For those of us who were alive in the 90’s remember the classic Walt Disney film Cool Runnings, directed by Jon Turteltaub that grossed over $69 million in the US alone. The film tells the story of Derice Bannock a Jamaican sprinter who was predicted to compete in the Olympics, but gets disqualified during a qualifier race. He wants to compete so bad in the Olympic games that he starts the first Jamaican Bobsled team. The film is based of a true story of the Jamaica national bobsleigh team’s first debut competition during the 1998 Winter Olympics in Calgary, Canada.

In 2014 Dudley “Tal” Stokes, who was on the actually 1988 Olympic team that inspired the film spoke up online in October of 2014 stating that Cool Runnings, “Is a feature Disney film, not much in it actually happened in real life.” The true story is that George Fitch an American who was living in Jamaica at the time, was inspired by a local pushcart derby. Fitch who was portrayed by John Candy in the film became the founder of the team, Fitch also spoke out about the film saying, “I was personally offended by the film because I’m not a disgraced Olympic bobsledder who’s a drunk, who’s spending the rest of my life in some pool hall. But that’s Hollywood” he said in an ESPN article.

Fitch then pitched it to the government and it got approved, they recruited men from the Jamaican army. Also, during the recruitment process they needed someone with good hand-eye coordination to drive the sled, he asked one of the Colonels in the army if they had anyone that fit that description. He gave him a helicopter pilot and he became the driver of the sled. Coaches from the US and Austria were sent over to help teach the team how to bobsled. Jamaica did not have much of a budget for the team so after they qualified for the Olympics they needed to raise $80,000 and were over-whelmed when they received $100,000, which was still the bare minimum to compete. Fitch also pitched in $92,000 of his own money to support the team.
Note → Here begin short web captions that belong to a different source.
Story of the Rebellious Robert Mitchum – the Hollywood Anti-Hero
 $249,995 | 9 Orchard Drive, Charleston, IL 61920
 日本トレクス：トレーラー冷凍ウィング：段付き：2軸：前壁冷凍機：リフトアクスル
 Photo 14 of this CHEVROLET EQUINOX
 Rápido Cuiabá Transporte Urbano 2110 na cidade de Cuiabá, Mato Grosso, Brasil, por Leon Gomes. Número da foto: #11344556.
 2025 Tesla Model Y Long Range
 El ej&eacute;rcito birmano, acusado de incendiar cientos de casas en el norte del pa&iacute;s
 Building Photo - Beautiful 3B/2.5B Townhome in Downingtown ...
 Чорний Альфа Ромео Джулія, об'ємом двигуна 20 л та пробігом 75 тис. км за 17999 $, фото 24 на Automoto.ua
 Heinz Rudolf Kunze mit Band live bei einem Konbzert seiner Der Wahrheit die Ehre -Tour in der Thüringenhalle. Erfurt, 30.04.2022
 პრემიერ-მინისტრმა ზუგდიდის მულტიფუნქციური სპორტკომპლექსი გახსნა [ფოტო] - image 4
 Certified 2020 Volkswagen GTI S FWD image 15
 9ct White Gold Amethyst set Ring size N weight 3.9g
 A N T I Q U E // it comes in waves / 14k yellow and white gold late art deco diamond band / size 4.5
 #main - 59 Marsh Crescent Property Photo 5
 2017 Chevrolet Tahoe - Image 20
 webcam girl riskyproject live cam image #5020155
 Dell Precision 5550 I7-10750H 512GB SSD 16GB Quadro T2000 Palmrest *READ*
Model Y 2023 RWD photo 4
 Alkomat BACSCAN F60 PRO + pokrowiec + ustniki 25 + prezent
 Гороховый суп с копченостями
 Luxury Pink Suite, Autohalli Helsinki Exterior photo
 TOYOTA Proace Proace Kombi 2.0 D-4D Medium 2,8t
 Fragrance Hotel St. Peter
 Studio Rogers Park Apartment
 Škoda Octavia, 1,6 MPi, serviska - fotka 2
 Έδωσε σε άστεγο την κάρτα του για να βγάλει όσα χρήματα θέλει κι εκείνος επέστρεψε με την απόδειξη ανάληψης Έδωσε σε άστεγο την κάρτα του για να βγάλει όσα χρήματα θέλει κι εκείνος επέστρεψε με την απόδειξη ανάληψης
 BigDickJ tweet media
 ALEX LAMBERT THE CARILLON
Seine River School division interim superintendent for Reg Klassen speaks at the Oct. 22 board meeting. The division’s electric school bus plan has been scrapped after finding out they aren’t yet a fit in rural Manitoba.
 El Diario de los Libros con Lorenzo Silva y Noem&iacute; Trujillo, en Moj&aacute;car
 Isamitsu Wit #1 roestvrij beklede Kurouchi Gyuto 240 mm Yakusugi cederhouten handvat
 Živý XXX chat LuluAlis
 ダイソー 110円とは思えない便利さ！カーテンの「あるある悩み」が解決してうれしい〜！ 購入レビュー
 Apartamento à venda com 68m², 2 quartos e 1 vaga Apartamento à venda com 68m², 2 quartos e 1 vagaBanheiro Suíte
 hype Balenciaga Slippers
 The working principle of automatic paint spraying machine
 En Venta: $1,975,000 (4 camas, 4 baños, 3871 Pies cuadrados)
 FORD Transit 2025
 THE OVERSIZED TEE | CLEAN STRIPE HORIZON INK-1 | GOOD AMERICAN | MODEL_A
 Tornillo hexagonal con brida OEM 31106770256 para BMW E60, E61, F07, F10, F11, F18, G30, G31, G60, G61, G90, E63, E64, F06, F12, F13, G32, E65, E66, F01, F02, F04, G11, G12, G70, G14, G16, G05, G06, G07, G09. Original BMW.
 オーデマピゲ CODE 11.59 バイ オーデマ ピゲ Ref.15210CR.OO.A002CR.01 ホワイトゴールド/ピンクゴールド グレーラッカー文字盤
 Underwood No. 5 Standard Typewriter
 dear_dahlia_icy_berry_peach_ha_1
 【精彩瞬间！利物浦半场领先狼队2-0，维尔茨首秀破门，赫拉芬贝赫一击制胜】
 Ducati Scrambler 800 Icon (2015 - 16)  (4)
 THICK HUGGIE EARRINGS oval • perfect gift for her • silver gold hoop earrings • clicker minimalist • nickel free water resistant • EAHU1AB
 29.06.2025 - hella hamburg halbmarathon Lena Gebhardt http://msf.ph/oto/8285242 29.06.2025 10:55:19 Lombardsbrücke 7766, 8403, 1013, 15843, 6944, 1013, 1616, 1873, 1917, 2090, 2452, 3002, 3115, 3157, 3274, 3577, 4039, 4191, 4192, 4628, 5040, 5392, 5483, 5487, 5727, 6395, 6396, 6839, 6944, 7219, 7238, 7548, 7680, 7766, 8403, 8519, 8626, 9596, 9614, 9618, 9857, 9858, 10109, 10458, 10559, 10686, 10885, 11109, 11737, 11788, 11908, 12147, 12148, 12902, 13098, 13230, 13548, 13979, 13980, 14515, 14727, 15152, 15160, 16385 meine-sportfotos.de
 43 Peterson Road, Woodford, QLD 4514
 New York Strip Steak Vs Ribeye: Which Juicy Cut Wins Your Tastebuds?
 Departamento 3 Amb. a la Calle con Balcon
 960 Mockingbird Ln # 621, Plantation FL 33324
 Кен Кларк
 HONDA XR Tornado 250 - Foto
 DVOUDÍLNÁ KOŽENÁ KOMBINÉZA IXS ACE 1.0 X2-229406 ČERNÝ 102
Stokes said that he saw a bobsled for the first time in September 1987, and by February he was competing in the Winter Olympics. Once in Calgary the team aimed to only race in the two-man sled event, but after beating 13 other teams they wanted to try the four-man race. Fitch said that, they didn’t have any money left over, didn’t have a four-man sled and only had three guys do to an injury. The guys didn’t want to give up. So they sold Jamaica bobsled t-shirts and they proved to be so popular that were able to raise $24,000! They then went to the Canadian team and bought a used four-man sled from them.They still only had three guys so Stokes told Fitch, that his brother Chris Stokes was a track star at the University of Idaho. They were able to convince Olympic officials to give Chris accreditation and flew him in.

Now as a team of four, they only had four practice runs before the start of the race. The team brought a lot of popularity with them and their race drew in a record crowd of 40,000 to their race. Compared to the 5,000 that was expected. During the actually race their sled was going 85 miles an hour when it lost control and crashed. The teammates were trapped underneath the sled. Unlike the movie the team did not lift the sled over their heads and carry it across the finish line. But they did push the sled across the finish line and while doing so thousands and thousands of people shook their hands as the crowd cheered them on.


This was an incredible story of how many hoops this Jamaican team had to jump through and how they never gave up hope. Although it ended in disappointment Fitch said in an interview with ESPN reporter Nick Atkin, “The Jamaican bobsled team returned to the Winter Olympics at Albertville in 1992. Two years later in Lillehammer, Jamaica came in 13th, beating several top teams like USA 1, Russia 1, Italy 2 and Austria 2. But Jamaica’s influence of creating a team spawned off, with Trinidad, Puerto Rico, the Virgin Islands, Mexico, American Samoa and the Philippines all creating teams. They actually had a Caribbean Cup. You go to a World Cup race and they had a cup within a cup. At least half a dozen islands now have bobsled teams.” This was a huge moment for the sport of bobsledding, people saw what the Jamaicans had done and it inspired other countries to follow in their footstep and created more teams.